Alhasil, kini Hasan menjadi satu dari lima kader Partai Nasdem yang terpilih sebagai anggota DPRD DKI Jakarta. Tugasnya kini, ingin fokus melakukan pengesahan 17 Perda yang ditargetkan tahun ini.
Di dapilnya, Hasan berhasrat membangun kali swasembada yang melintasi kelurahan Sungai Bambu dan Kebun Bawang. Daerah itu, menurutnya, selalu banjir karena kali meluap akibat kali yang awalnya lebarnya 5 meter menjadi pendek 1,5 meter dipenuhi rumah penduduk. “Memang bantaran kali harus dibersihkan dari pemukiman liar. Dan, kalau kali dibangun makan kemungkinan besar akan dibangun jalan inspeksi,” sebut mantan Bendahara SOKSI Jakarta Utara ini.

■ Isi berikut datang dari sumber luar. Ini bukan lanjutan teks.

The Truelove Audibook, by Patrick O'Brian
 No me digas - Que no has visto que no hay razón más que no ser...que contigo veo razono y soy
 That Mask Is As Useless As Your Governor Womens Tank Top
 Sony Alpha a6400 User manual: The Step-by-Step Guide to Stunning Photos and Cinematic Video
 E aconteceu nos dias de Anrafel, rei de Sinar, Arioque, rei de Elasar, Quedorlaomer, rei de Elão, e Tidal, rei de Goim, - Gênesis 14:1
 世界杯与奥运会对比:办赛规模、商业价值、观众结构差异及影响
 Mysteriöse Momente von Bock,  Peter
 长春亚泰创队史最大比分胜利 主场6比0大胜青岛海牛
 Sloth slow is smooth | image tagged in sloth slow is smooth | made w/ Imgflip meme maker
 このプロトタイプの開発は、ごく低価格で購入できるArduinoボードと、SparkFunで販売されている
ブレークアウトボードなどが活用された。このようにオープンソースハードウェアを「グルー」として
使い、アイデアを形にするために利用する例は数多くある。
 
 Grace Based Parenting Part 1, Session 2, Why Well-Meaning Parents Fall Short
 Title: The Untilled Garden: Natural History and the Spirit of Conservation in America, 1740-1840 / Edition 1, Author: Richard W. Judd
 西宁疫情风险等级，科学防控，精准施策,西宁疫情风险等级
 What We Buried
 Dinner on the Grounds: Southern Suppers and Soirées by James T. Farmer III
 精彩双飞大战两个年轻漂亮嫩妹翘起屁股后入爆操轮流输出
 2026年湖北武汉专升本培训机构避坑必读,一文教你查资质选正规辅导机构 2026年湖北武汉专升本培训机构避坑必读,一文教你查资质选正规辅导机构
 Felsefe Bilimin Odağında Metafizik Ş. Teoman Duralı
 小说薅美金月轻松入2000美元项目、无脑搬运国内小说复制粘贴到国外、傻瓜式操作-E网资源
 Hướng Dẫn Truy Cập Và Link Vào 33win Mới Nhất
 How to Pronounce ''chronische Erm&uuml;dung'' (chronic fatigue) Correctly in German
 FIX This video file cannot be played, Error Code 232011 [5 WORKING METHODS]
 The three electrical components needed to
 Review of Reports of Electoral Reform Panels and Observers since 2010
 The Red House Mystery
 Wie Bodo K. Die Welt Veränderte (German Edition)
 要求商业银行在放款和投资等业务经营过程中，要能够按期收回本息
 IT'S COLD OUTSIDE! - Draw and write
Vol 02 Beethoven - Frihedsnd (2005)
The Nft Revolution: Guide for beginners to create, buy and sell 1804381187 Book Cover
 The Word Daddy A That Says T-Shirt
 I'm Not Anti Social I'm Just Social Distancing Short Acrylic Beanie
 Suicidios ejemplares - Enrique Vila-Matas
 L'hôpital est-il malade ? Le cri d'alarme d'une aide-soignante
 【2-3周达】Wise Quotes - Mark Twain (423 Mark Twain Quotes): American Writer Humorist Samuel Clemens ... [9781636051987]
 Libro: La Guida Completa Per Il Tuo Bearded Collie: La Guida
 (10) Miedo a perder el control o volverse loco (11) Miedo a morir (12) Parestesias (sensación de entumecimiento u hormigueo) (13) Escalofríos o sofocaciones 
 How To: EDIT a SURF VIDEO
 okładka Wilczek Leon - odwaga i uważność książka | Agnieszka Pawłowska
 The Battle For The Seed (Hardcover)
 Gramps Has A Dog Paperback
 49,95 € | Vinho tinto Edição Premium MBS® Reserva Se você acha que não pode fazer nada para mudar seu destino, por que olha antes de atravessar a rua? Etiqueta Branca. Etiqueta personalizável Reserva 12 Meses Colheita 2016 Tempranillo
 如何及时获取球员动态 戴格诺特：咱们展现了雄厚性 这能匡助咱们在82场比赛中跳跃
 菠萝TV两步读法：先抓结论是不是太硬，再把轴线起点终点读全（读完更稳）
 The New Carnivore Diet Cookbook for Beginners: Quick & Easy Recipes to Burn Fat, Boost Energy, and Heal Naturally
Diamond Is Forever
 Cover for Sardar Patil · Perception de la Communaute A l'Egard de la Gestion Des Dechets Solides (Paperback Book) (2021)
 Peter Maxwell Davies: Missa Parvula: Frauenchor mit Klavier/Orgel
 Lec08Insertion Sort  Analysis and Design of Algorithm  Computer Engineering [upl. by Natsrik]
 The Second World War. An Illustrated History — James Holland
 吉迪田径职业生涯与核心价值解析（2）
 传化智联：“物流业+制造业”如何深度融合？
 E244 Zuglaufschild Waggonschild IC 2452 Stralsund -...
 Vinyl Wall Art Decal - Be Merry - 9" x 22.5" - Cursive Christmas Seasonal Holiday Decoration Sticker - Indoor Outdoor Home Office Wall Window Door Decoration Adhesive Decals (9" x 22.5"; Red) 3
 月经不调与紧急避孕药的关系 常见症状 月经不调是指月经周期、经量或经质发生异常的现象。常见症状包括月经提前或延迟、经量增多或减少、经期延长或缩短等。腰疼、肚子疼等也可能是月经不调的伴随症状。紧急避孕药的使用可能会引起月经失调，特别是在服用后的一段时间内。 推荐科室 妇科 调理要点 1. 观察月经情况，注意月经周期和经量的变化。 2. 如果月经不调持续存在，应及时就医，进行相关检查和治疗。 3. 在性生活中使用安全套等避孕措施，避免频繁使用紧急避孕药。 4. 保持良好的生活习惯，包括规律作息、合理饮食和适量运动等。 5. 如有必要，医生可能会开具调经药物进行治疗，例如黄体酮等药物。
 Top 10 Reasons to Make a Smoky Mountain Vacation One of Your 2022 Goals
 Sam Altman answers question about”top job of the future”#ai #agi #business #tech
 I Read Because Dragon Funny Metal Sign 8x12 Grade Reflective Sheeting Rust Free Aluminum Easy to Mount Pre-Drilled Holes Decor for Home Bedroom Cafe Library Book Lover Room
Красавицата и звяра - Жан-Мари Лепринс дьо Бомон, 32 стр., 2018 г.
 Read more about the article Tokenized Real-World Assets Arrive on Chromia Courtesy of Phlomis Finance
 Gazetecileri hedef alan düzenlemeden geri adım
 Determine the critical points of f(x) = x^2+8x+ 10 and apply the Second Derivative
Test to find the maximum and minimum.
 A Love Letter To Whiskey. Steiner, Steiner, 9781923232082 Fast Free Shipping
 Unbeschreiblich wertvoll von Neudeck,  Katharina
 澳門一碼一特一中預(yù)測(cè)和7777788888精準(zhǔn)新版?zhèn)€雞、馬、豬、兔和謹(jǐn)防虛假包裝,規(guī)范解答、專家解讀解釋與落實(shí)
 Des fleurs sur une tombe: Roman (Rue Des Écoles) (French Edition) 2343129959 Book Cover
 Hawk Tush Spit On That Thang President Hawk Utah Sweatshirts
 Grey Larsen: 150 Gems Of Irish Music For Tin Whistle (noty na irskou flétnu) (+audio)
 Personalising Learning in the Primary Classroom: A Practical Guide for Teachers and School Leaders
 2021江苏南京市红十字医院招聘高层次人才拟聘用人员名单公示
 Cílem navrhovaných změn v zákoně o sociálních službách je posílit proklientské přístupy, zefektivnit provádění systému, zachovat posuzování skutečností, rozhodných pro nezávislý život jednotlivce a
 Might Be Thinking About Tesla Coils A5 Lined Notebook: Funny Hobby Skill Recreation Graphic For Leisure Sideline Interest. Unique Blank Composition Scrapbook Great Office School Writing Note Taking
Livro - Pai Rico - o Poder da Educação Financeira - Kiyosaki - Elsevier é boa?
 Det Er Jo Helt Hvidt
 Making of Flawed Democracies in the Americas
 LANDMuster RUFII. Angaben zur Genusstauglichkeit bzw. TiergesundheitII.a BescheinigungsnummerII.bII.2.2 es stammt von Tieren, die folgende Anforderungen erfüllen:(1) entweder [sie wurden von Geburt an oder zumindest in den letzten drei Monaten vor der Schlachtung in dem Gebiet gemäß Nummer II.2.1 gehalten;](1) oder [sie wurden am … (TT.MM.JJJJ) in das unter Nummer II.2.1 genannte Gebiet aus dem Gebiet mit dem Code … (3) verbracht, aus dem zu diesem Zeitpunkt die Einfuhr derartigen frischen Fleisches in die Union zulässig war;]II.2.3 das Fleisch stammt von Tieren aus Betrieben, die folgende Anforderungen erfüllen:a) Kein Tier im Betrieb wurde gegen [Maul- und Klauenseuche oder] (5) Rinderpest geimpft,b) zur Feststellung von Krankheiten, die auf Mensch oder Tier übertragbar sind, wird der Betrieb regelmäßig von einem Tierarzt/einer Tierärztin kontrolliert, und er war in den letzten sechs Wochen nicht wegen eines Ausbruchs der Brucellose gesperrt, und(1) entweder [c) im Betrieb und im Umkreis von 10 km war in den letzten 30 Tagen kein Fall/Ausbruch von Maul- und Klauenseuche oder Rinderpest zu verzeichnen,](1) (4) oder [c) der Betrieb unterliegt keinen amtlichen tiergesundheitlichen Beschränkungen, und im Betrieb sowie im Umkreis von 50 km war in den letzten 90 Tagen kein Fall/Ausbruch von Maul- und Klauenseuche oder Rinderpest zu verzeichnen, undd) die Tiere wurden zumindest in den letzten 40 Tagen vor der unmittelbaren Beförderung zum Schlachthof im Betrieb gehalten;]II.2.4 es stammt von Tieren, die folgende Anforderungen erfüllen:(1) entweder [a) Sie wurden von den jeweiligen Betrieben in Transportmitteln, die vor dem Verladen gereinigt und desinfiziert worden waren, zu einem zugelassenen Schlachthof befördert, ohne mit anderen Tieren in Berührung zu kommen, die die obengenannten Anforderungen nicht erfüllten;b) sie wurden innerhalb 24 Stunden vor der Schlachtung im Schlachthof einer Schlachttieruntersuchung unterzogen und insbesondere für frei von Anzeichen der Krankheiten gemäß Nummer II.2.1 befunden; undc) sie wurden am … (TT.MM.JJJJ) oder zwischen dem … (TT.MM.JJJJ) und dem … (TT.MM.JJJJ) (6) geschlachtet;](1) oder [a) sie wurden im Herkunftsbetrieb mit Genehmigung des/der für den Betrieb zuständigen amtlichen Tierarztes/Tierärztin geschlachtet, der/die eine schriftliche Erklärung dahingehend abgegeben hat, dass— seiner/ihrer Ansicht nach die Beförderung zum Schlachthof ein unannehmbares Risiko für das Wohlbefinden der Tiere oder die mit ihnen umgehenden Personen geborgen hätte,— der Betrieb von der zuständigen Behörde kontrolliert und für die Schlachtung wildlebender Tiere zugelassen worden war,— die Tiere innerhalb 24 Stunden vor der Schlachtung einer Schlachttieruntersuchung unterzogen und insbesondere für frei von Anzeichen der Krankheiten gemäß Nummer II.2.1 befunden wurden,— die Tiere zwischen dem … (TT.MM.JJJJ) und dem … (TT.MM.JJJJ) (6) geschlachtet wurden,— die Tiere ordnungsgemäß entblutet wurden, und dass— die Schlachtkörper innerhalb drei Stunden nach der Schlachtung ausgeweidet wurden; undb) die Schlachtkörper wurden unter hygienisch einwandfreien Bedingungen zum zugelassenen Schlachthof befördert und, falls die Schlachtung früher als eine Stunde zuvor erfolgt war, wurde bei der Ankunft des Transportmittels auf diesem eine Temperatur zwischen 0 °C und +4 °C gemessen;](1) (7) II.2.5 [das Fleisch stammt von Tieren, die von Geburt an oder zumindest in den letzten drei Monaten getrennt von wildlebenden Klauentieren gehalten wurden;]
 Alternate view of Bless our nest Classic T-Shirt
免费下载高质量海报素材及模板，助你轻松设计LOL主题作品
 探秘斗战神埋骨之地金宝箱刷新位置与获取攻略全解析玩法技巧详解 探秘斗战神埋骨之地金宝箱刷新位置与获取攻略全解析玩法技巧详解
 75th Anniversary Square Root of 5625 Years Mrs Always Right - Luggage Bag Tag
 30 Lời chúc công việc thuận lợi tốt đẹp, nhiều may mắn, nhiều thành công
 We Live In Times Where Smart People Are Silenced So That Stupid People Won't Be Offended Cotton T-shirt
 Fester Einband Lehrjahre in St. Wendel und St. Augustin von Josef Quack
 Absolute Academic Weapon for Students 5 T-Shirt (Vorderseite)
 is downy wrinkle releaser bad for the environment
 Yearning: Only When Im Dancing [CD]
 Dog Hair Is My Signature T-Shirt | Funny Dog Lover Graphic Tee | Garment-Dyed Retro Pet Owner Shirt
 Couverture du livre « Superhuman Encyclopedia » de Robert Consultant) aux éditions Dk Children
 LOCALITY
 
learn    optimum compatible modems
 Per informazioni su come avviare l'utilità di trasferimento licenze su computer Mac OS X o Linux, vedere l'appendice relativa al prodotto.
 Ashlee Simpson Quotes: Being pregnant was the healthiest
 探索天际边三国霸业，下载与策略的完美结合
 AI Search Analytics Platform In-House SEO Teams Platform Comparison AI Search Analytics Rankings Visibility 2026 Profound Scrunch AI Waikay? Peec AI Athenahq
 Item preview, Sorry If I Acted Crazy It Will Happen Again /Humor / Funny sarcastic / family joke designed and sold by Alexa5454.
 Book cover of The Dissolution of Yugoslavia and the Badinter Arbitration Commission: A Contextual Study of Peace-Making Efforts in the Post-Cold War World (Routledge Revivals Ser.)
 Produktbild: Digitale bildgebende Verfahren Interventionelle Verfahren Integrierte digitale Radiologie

Dalam komisi E yang membidangi kesejahteraan rakyat, dirinya pun berharap bisa membenahi kesemerawutan. “Misalnya soal BPJS, saya usul saat rapat dengan SKPD dan RSUD agar tiap rumah sakit ada punya papan informasi soal ada atau tidaknya jumlah kamar perawatan,” katanya.” Tapi itu dianggap tidak bisa karena kalau diberitahu satu kamar kosong, maka sudah ada 40 orang yang akan antri. Memang sekarang karena BPJS orang sakit sedikit lalu masuk rumah sakit,” kritiknya.
Atas masalah itu, anggota Dewan Penasehat Mustafad Jam’iyyah Ahli Thoriqoh Mu’tabaroh Indonesia (JATMI) ini meminta kepada direktur rumah sakit dan satuan Dinas Kesehatan Pemprov DI Jakarta memberikan sanksi bila ada oknum melanggar ketentuan, khususnya soal penolakan terhadap pasien BPJS atau KJS. Ia turut pula mendukung 18 puskemas kecamatan sehingga sebelum ke rumah sakit sudah ada rujukan terlebih dulu.
“Pelayanan BPJS sebaiknya tiap kecamatan. Di Jakarta Utara hanya ada rumah sakit Koja, meski akan dibangun 1000 tambahan tempat tidur tapi saya rasa tak bisa menampung semua. Jadi sebelum ke rumah sakit lewat Puskemas yang juga punya perawatan. Tidak semua langsung dirawat di rumah sakit,” terangya.
Hal lainnya, Hasan meminta pemmerintah agar aktif menyosialisasikan soal keluarga berencana (KB). “Dulu publikasinya luar biasa. Harus diperbanyak sosialisasinya. Sekarang sosialisasi AIDS ini kurang, malah banyak dilakukan kalangan swasta,” pungkasnya.
Memperbaiki Mental
Sebagai Ketua Senam Jantung Sehat Hasan Basri Umar minimal tiga kali menyambangi Gelanggang Olahraga Remaja (GOR) Jakarta Utara, yang letaknya bersebelahan dengan kantor walikota Jakarta Utara. “Senin, Rabu, dan Sabtu jadwal senam sehat, tapi saya hamper tiap hari ke GOR,” akunya.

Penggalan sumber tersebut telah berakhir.